Hambatan dalam Rekrutmen PPPK
Sejumlah kendala disebut masih dihadapi guru madrasah swasta dalam mengikuti seleksi PPPK. Di antaranya persoalan administrasi, keterbatasan jumlah formasi, hingga regulasi yang dianggap belum sepenuhnya berpihak.
Akibatnya, sebagian guru hanya bisa menyaksikan proses rekrutmen PPPK tanpa kepastian apakah mereka memiliki peluang yang sama. Situasi ini memunculkan rasa ketidakpastian terhadap masa depan profesi mereka.
Isu tersebut memicu dorongan agar pemerintah pusat, termasuk Kementerian Agama dan DPR, khususnya Komisi yang membidangi pendidikan, memberi perhatian lebih pada aspirasi guru madrasah swasta.
Momentum Evaluasi Kebijakan
Momentum HAB ke-80 Kementerian Agama dinilai tepat untuk melakukan evaluasi menyeluruh terhadap kebijakan kepegawaian di lingkungan madrasah. Harapannya, lahir terobosan yang membuka akses lebih luas bagi guru madrasah swasta mengikuti seleksi PPPK secara adil dan transparan.
Kebijakan yang berpihak dinilai penting agar semangat pengabdian guru tidak terus dibebani ketidakpastian status dan kesejahteraan. Negara diharapkan tidak hanya menuntut dedikasi, tetapi juga memberikan perlindungan dan pengakuan yang layak.
Harapan untuk PPPK 2026
Menjelang 2026, perhatian pada PPPK guru madrasah swasta 2026 diperkirakan semakin besar.

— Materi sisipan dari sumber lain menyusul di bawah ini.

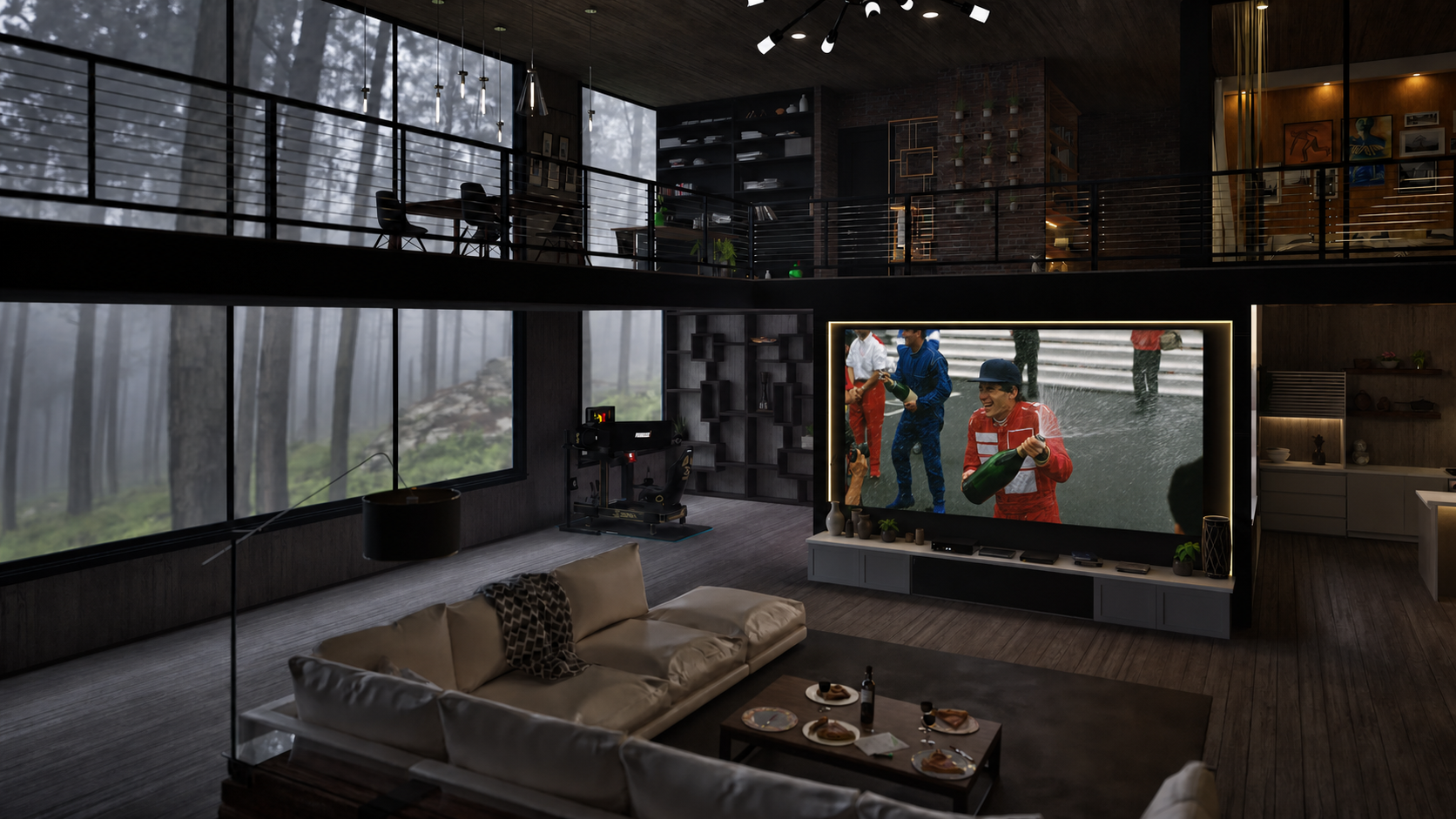 Legacy black and gold Senna Edition Simulator in a modern residence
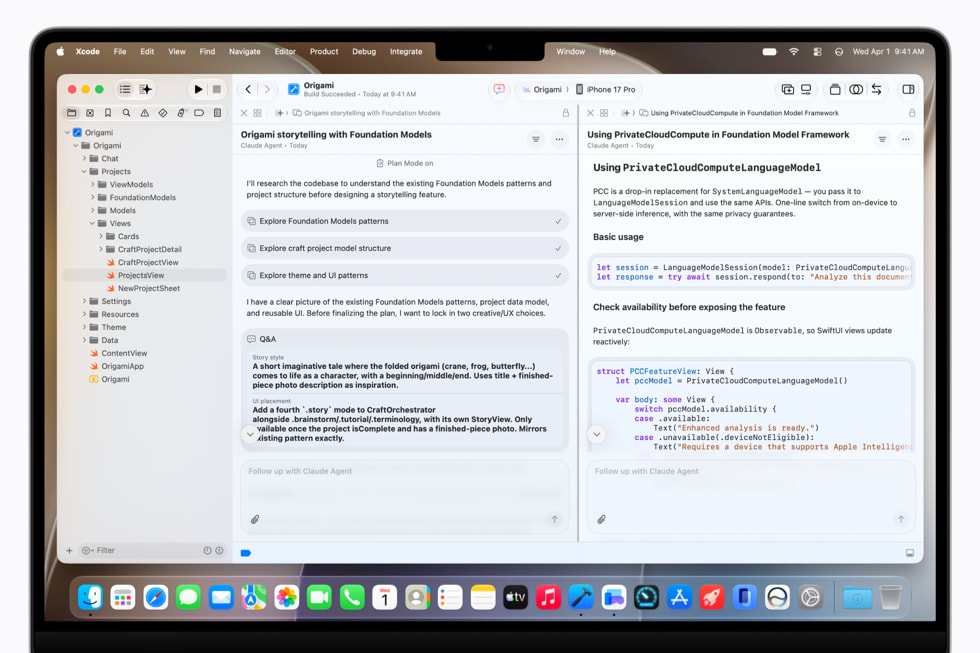 MacBook Pro mit Xcode 27 und agentischen Coding-Workflows auf dem Bildschirm. Bildquelle: Apple Newsroom.
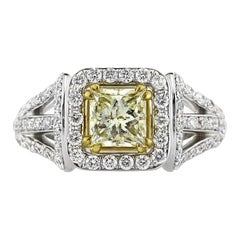 2.12ct Fancy Light Yellow Princess Cut Diamond Engagement Ring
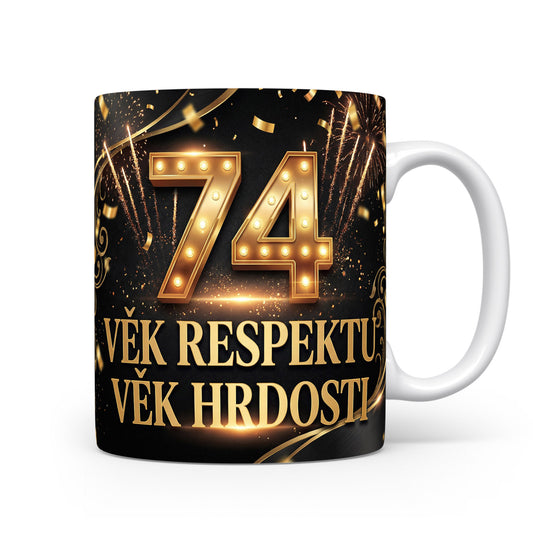 Hrnček s nápisem VĚK RESPEKTU VĚK HRDOSTI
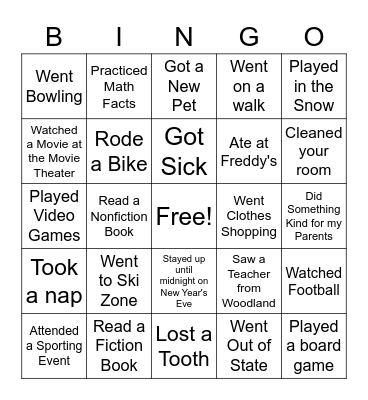 4th Grade Winter Break BINGO Card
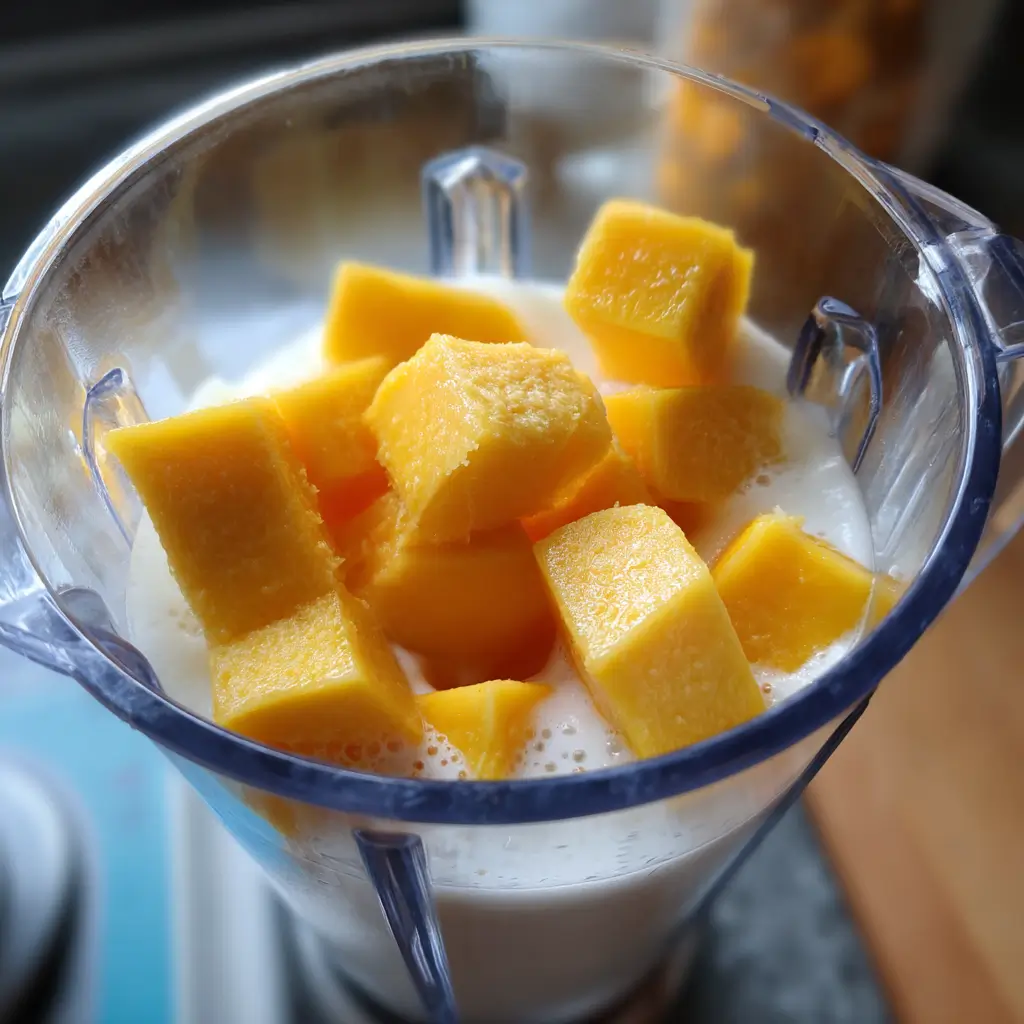 Homemade dairy-free mango sherbet with coconut milk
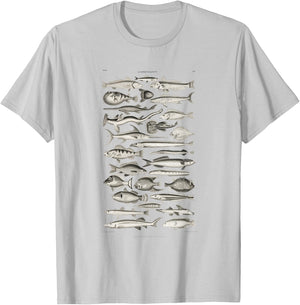 Ichthyology Fishes History Earth And Nature Sea Antique Art T-Shirt - T-Shirt | Ash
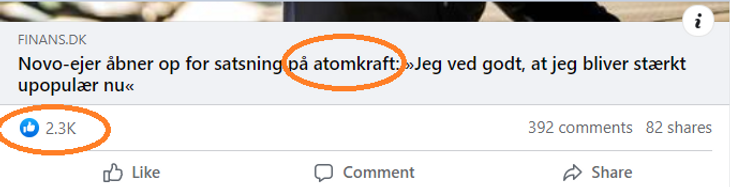Han tog fejl, Novo-bossen. Folk er vilde med hans udmelding. Screenshot fra Facebook/Finans.dk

Banyak pihak berharap kebijakan ke depan lebih inklusif dan mampu mengakomodasi kebutuhan tenaga pendidik di lembaga swasta.
Dengan sistem yang lebih terbuka, guru madrasah swasta diharapkan tidak lagi merasa menjadi penonton, tetapi menjadi bagian dari solusi peningkatan kualitas pendidikan nasional. Pengakuan terhadap peran mereka dinilai krusial dalam membangun sumber daya manusia Indonesia yang berkarakter.
Isu ini pun terus menjadi perbincangan di kalangan pendidik madrasah, seiring harapan adanya kebijakan yang lebih adil dan berkelanjutan pada rekrutmen PPPK mendatang.